Peer Review at the Scholarly Kitchen

The Scholarly Kitchen is a group blog started by the Society for Scholarly Publishing in 2008. The blog posts by authors Kent Anderson, Phil Davis, David Crotty, Michael Clarke, etc. are an always interesting – and often thought-provoking – read about scholarly publishing. Two recent posts looked at peer review.

The “Burden” of Peer Review
In this blog post David Crotty argues that we overestimate the amount of time the typical researcher spends doing peer review. In his informal survey most researchers review 1-3 papers per month, and those reviewing many more often do so voluntarily (e.g. because they sit on an editorial board). I haven’t yet checked whether there are any formal surveys on the workload of peer review.

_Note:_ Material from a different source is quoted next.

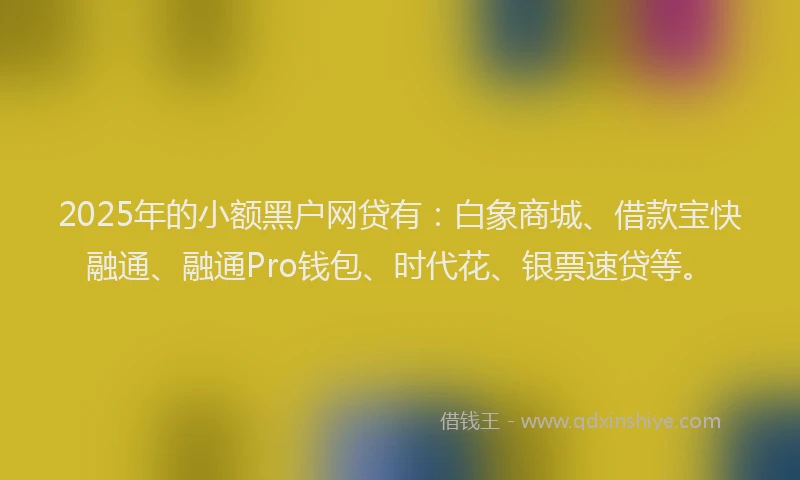 2025年的小额黑户网贷有：白象商城、借款宝快融通、融通Pro钱包、时代花、银票速贷等。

Post-publication Review: Is the Dialog of Science Really a Monologue?
In August the BMJ published a paper that looked at the adequacy of author replies to electronic letters to the editor. The cohort study found that authors are reluctant to respond to criticism to their work. In a companion editorial, David Schriger and Douglas Altman write about the possible reasons for this inadequate uptake of post-publication peer review, and that we need a change in culture to value public discussion. Philip David summarized the two papers and concluded that post-publication review may continue to be spotty and unreliable.

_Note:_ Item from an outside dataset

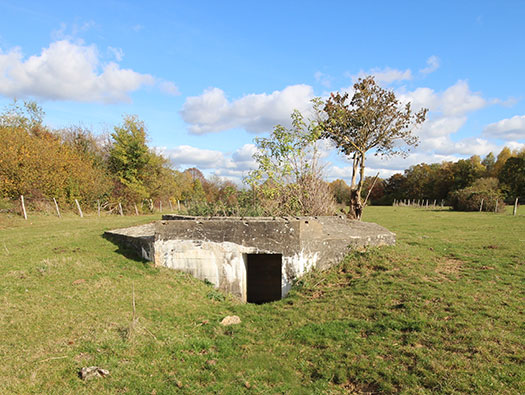 Führerhauptquartier ´Wolfsschlucht 2´ Flakstellung ´C´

I would disagree with Philip Davis about the conclusions that can be drawn from the cohort study. We all know that many papers receive few if any online comments. But we should rather think about where we could be 3-5 years from now, and how to get there. A recent editorial by Thomas Liesegang in the Journal of Ophtalmology is very relevant to this discussion (Peer review should continue after publication, link via EASE Journal Blog). And Richard Smith gives a wonderful and much broader definition of post-publication peer review in a response to the BMJ editorial:

I would define post-publication review as the process whereby scientists and others decide whether a piece of work matters or not. I suggest that this doesn’t happen much through debate in the correspondence pages of journals, but rather through scientists and other consumers of research recommending others to pay attention to a piece of research, conducting other studies off the back of it, absorbing it into systematic reviews, beginning to act on its conclusions, throwing it in the bin, and taking a thousand other actions that constitute the “market of ideas.”